The European Union (EU) has pledged €225m ($240m; £191m) in aid to The Gambia as part of its effort to become a "privileged partner" of the West African nation. The announcement came weeks after new President Adama Barrow returned to his country from Senegal following the peaceful end of a a post-election political crisis.
"The EU is fully committed to engage with President Barrow and his Government. We want to be a privileged partner of The New Gambia," the EU said in a statement.
"In addition to the €75 million package of immediate support signed today, we are already preparing a medium term package of €150 million, which will focus on building the capacities of the State and on job creation."
Barrow and the EU commissioner for international cooperation and development, Neven Mimica, met in the capital Banjul.

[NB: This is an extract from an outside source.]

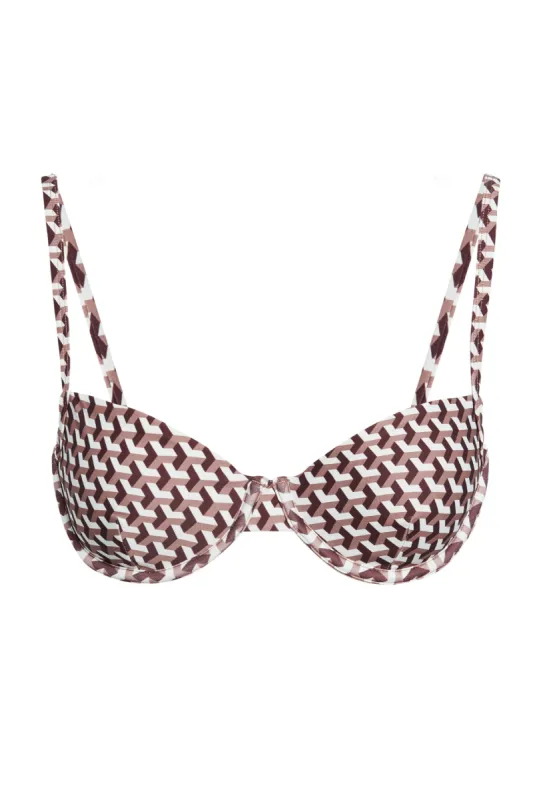 Capri Top - Husk Geo sold by Monday Swimwear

"The visit is a clear signal of the EU's readiness to provide immediate financial and technical support to the democratic process in The Gambia," Mimica was quoted by Reuters as saying.

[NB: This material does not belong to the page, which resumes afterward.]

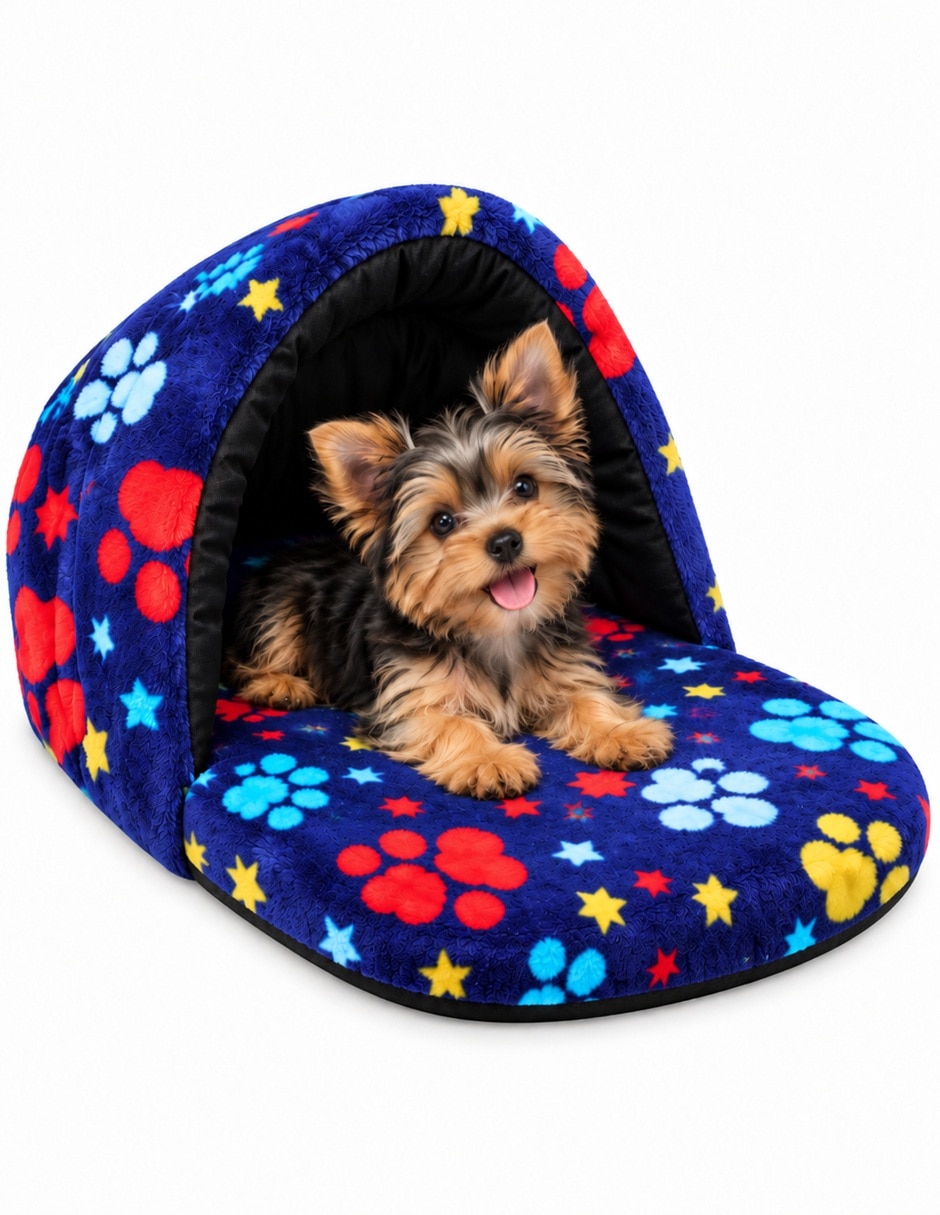 Cama capacete para mascota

Following the meeting, Barrow said his country also needed emergency budget support to restore its crippled economy burdened by youth unemployment of more than 40%.

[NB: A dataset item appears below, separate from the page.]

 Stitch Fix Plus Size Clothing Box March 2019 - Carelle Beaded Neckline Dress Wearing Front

"What we have inherited is an economy that is virtually bankrupt and in need of immediate [restoration]," Barrow said.
Jammeh, who ruled the country for 22 years, lost presidential election in December 2016. However, Gambia witnessed a political stand-off when he refused to relinquish power.
Barrow, who returned to Banjul in January, said in an exclusive interview with IBTimes UK he was ready to rebuild a New Gambia through democratic principles.
The leader, a former businessman who lived in London for three years, pledged to strengthen relations between Gambia and the UK by, among other things, rejoining the Commonwealth and promoting foreign investments.
Barrow also intends to revert Jammeh's decision to pull out from the International Criminal Court (ICC).